* ACTION ITEM:
The needed output is the run of lines below from the one containing "하늘 나는 백조 (강진=연합뉴스)" through the one containing "Pyrgomorpha tereticornis", copied exactly and free of pictures.
======== EXERCISE DATA ========
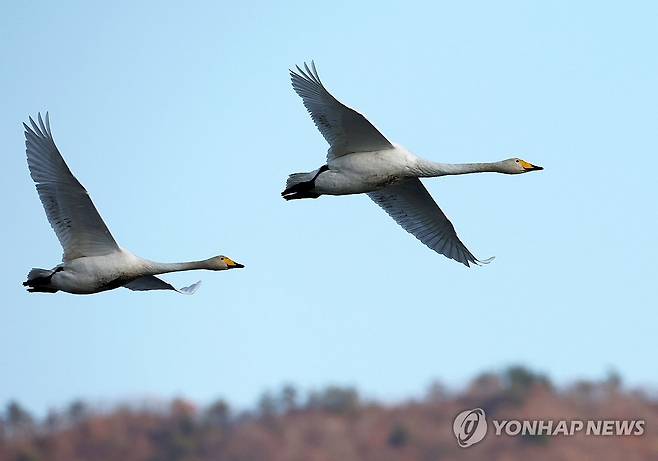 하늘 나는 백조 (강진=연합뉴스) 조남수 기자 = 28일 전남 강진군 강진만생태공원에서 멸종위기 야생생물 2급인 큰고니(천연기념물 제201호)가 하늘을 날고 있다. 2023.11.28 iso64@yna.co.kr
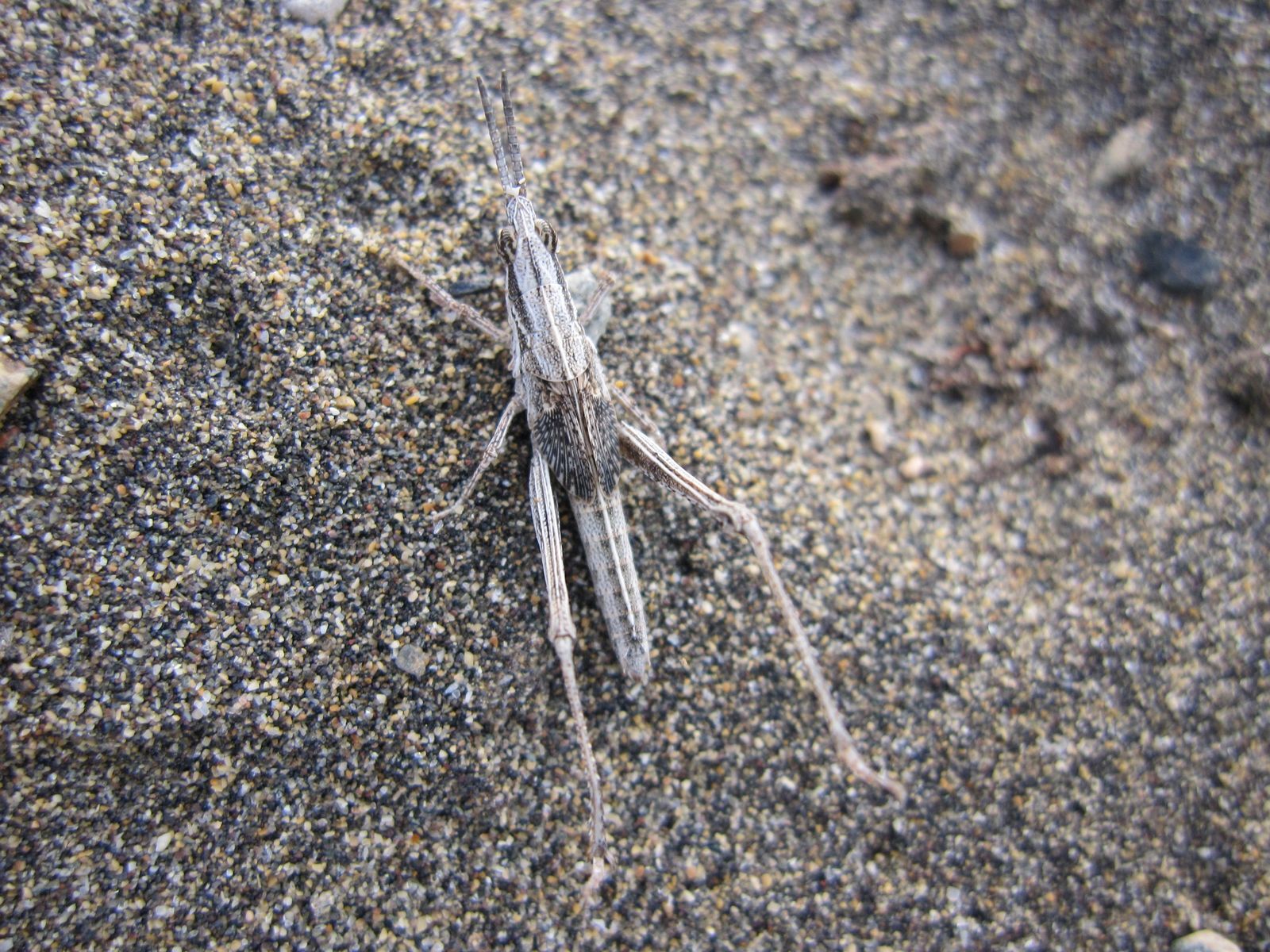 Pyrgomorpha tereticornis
========
======== EXERCISE DATA ========
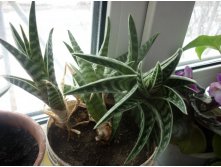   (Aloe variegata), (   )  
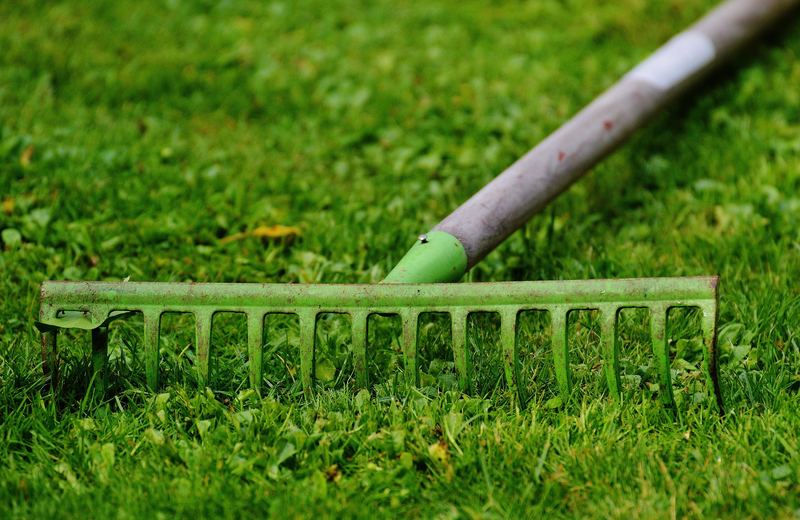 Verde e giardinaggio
========
* ANSWER TO THIS PROBLEM:
 하늘 나는 백조 (강진=연합뉴스) 조남수 기자 = 28일 전남 강진군 강진만생태공원에서 멸종위기 야생생물 2급인 큰고니(천연기념물 제201호)가 하늘을 날고 있다. 2023.11.28 iso64@yna.co.kr
 Pyrgomorpha tereticornis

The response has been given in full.